Free public Wi-Fi may be convenient and all that, but it’s not safe. Cybercriminals can easily put up a man-in-the-middle attack using these networks. Avoid these connections as much as possible.

But, if you have to use any of them, ensure you take some precautions to stay safe. First, connect to the internet using a VPN. A VPN encodes your connection, making it impractical for attackers to access your data traffic when using unsecured networks.

Another thing you can do to stay protected while on public Wi-Fi is to make sure you only use sites and apps that encrypt data, which makes it quite difficult for cybercriminals to see whatever you are doing.


Lock your Device

This may seem obvious and unimportant but, locking your phone is a vital step to keeping it safe. In case you lose your device, the lock screen may help keep anyone from accessing your personal information. On the other hand, it takes someone with bad intentions just a few seconds to unlock your phone and download and install spyware, malware, or a virus. A locked screen might help prevent this.


Update your Software Regularly

Mobile phone OS updates are meant to improve user experience. This could be anything including performance and security. What happens is that hackers find vulnerabilities in the software and make use of them, then developers fix the flaws, only for the attackers to move to the next vulnerability. While it’s true that Google can’t always ward off these exploits, it does a good job of keeping Android updated to rectify the flaws.
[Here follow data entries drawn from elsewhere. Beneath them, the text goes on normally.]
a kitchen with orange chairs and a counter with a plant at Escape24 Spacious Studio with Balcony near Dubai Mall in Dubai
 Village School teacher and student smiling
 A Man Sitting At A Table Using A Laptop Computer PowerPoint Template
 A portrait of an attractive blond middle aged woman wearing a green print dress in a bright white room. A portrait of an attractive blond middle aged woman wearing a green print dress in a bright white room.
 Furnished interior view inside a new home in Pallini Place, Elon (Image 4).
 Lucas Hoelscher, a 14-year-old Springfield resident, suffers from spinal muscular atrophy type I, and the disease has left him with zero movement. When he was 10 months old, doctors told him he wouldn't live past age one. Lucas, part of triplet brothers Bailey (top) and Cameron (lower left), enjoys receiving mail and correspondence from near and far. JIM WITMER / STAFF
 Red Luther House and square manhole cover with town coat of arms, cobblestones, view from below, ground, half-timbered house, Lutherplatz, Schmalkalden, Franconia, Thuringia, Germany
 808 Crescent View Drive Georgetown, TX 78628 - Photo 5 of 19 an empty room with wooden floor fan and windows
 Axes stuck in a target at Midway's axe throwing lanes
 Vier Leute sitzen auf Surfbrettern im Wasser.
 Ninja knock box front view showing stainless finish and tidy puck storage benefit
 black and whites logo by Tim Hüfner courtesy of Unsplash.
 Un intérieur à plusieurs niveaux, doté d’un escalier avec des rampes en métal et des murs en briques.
The problem is that users are not keen on updating their software, even when prompted. Running your android phone on outdated software makes you vulnerable to malware since exploits become known over time, and cybercriminals know that most users don’t update their phones. Remember, these updates can protect your phone from newly discovered threats.


Encrypt your Data

Today’s phones hold a lot of data, and if stolen or lost, your emails, financial data, contacts, and more can be compromised. To protect yourself, ensure all your data is encrypted. Encryption means your data is saved in an unreadable format so it isn’t understandable.

Most phones allow encryption through their security settings. To confirm if your iOS phone is encrypted, head over to the settings menu and click on the “Touch ID & Passcode” button. You’ll be prompted to input your lock screen code. Scroll to the end of the page and confirm if it indicates, “Data Protection is enabled.”

Remember, to encrypt an android device; you first have to ensure the device is 80% charged. This process can take an hour or even more.


Final Words

Today’s smartphone comes with a lot of functionality that was originally meant for laptops and computers. The problem is that mobile phones do not come with the same security features found on PCs. And, since cybercriminals are always looking for ways to gain access to user accounts and cause harm, mobile phones have become the next victim.


The extent of Android viruses, spyware, and malware may make you cringe at the thought of using your device. Well, it doesn’t have to be that way. Remember, cybercriminals always look for easy targets, so by taking certain precautions like the ones listed above, you can avoid most attacks. In a nutshell, you can protect yourself from most android risks by regularly performing system updates, downloading apps from the legit Google play, encrypting your data, and locking your device.